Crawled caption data
◆ ◆ ◆ ◆ ◆

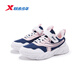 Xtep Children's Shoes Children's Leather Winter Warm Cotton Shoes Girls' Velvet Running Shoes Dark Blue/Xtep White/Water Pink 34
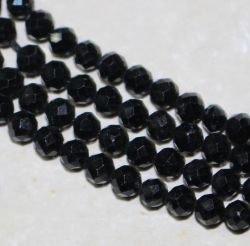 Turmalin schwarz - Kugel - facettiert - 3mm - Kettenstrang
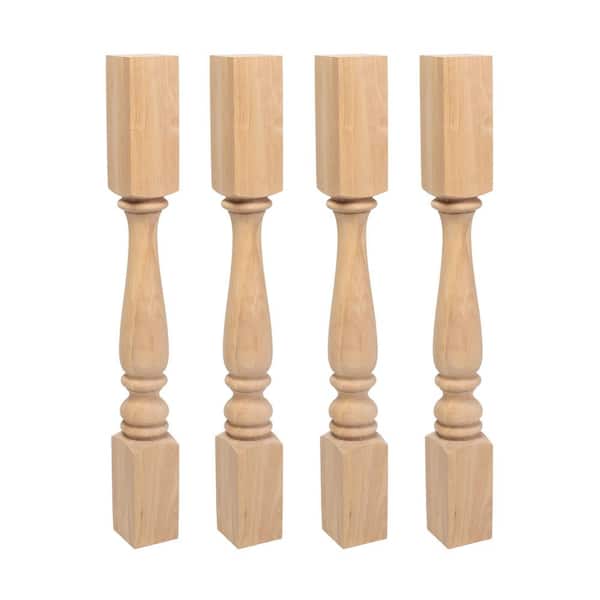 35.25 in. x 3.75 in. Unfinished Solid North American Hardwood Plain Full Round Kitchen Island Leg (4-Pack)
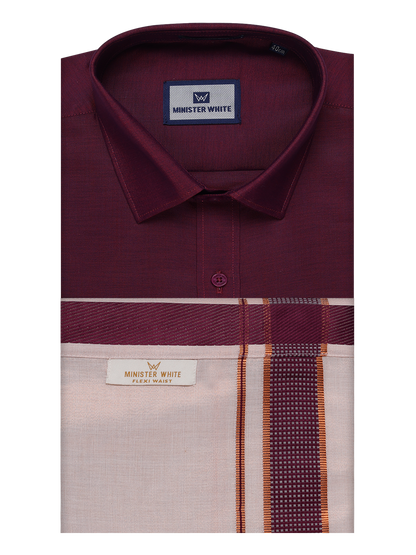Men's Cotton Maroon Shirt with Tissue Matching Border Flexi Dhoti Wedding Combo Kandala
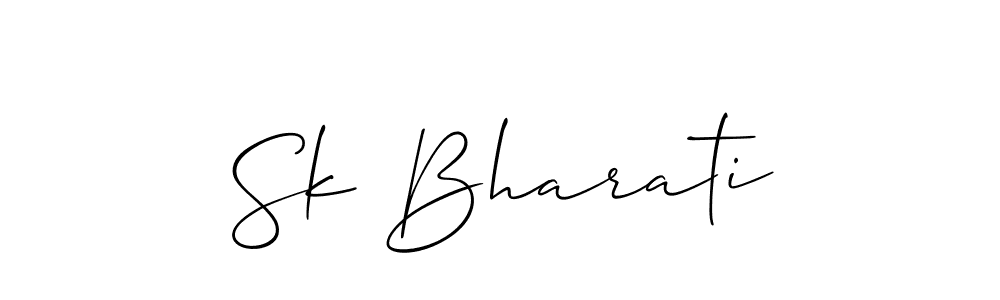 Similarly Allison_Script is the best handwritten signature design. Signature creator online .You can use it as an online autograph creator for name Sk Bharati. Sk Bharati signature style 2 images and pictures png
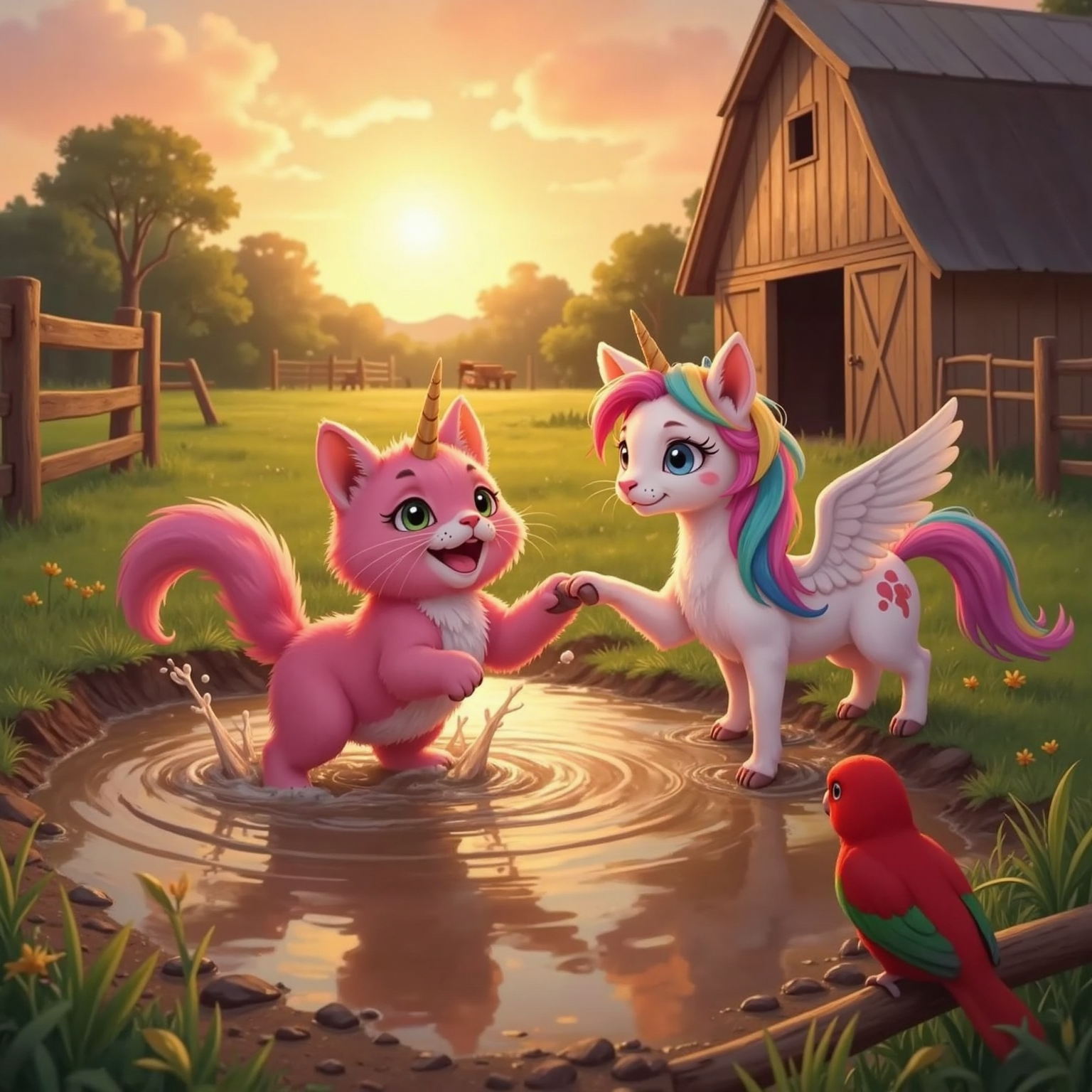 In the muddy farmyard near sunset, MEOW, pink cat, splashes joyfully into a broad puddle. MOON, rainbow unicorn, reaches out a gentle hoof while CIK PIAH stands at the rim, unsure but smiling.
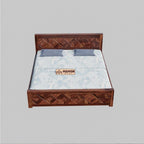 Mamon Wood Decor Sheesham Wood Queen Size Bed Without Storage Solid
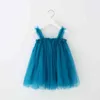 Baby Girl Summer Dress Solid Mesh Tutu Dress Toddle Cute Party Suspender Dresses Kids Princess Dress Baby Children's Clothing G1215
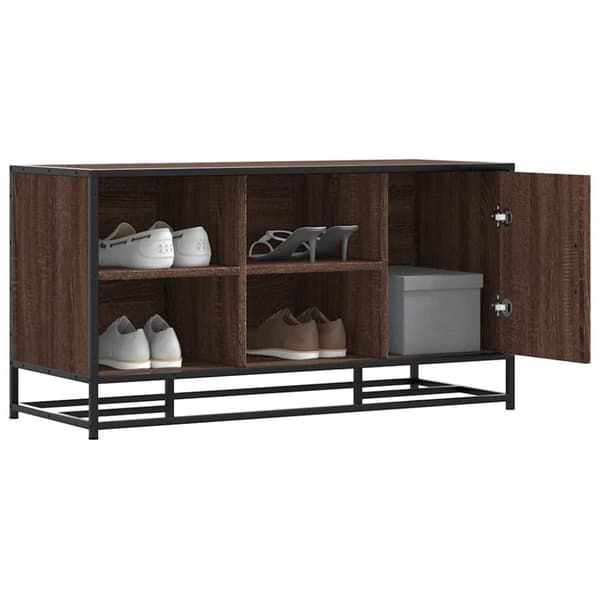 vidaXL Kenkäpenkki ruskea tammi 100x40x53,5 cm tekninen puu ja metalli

◆ ◆ ◆ ◆ ◆

> [Assigned task] Keep the pictures out and print all the records exactly as they are.

> [Reply]
 Xtep Children's Shoes Children's Leather Winter Warm Cotton Shoes Girls' Velvet Running Shoes Dark Blue/Xtep White/Water Pink 34
 Turmalin schwarz - Kugel - facettiert - 3mm - Kettenstrang
 35.25 in. x 3.75 in. Unfinished Solid North American Hardwood Plain Full Round Kitchen Island Leg (4-Pack)
Men's Cotton Maroon Shirt with Tissue Matching Border Flexi Dhoti Wedding Combo Kandala
 Similarly Allison_Script is the best handwritten signature design. Signature creator online .You can use it as an online autograph creator for name Sk Bharati. Sk Bharati signature style 2 images and pictures png
 In the muddy farmyard near sunset, MEOW, pink cat, splashes joyfully into a broad puddle. MOON, rainbow unicorn, reaches out a gentle hoof while CIK PIAH stands at the rim, unsure but smiling.
 Mamon Wood Decor Sheesham Wood Queen Size Bed Without Storage Solid
 Baby Girl Summer Dress Solid Mesh Tutu Dress Toddle Cute Party Suspender Dresses Kids Princess Dress Baby Children's Clothing G1215
 vidaXL Kenkäpenkki ruskea tammi 100x40x53,5 cm tekninen puu ja metalli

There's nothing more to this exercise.